FDA Approves Tacrolimus for Lung Transplants

The US Food and Drug Administration (FDA) has approved the use of the transplant drug tacrolimus (Progaf) for the prevention of organ rejection in adult and pediatric patients receiving lung transplants. This is the only immunosuppressant drug approved for this patient population.

Tacrolimus has been routinely prescribed to lung transplant recipients for the past 15 to 20 years and is “the primary calcineurin inhibitor used as the backbone of immunosuppression for lung transplants,” Joshua Diamond, MD, associate medical director of the Penn Lung Transplant Program at Penn Medicine, in Philadelphia, Pennsylvania, told Medscape Medical News in an interview.

The FDA originally approved tacrolimus in 1994 for the prevention of rejection in patients receiving liver transplants. The approval was expanded for use in preventing rejection in kidney and heart transplant recipients. This newest approval, announced July 16, comes after an observational study using lung transplant data from the Scientific Registry of Transplant Recipients and mortality information from the Social Security Administration.

“Dramatic improvement in outcomes was observed among lung transplant patients receiving Prograf as part of their immunosuppression medications compared to the well-documented natural history of a transplanted drug with no or minimal immunosuppressive therapy,” the FDA said in the announcement. The organization also noted that clinical trials of the drug involving other solid organs further bolstered evidence of its effectiveness.

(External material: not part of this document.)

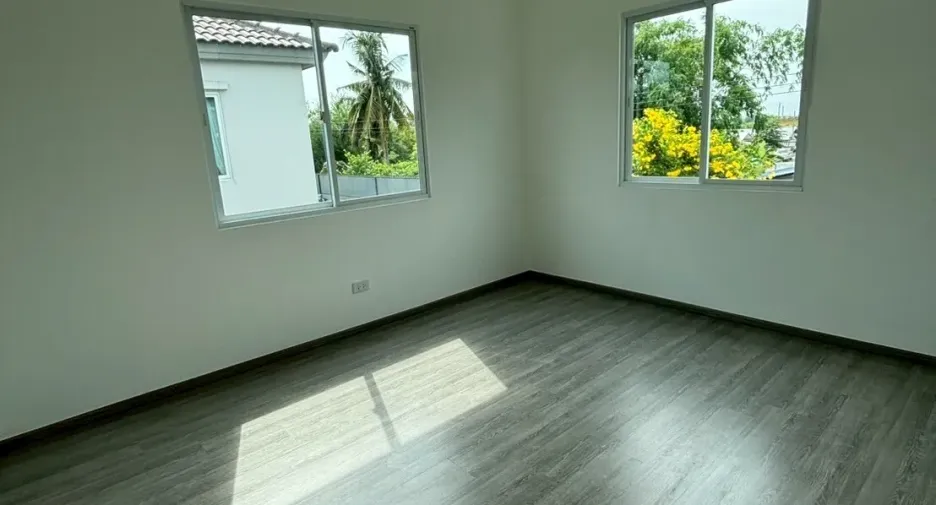 For sale 3 bedrooms house in Bang Kruai, Nonthaburi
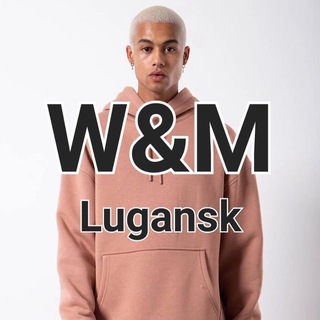 Аватар Telegram-канала Wayman Магазин мужской, молодёжной одежды Луганск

Diamond does not anticipate that this new approval will affect clinical practice, but it could help transplant recipients more easily obtain insurance coverage for the immunosuppressant drug. “Up until now, no drug has been approved,” Diamond told Medscape Medical News. Tacrolimus has been prescribed off label to lung transplant recipients. Diamond noted that his patients have not had trouble with coverage for tacrolimus recently, although insurance companies have declined to cover other immunosuppressant medications after transplants. This approval could have a “domino effect for other immune suppressive medications,” he said, “such that we don’t have to argue with insurance companies for coverage of these medications.”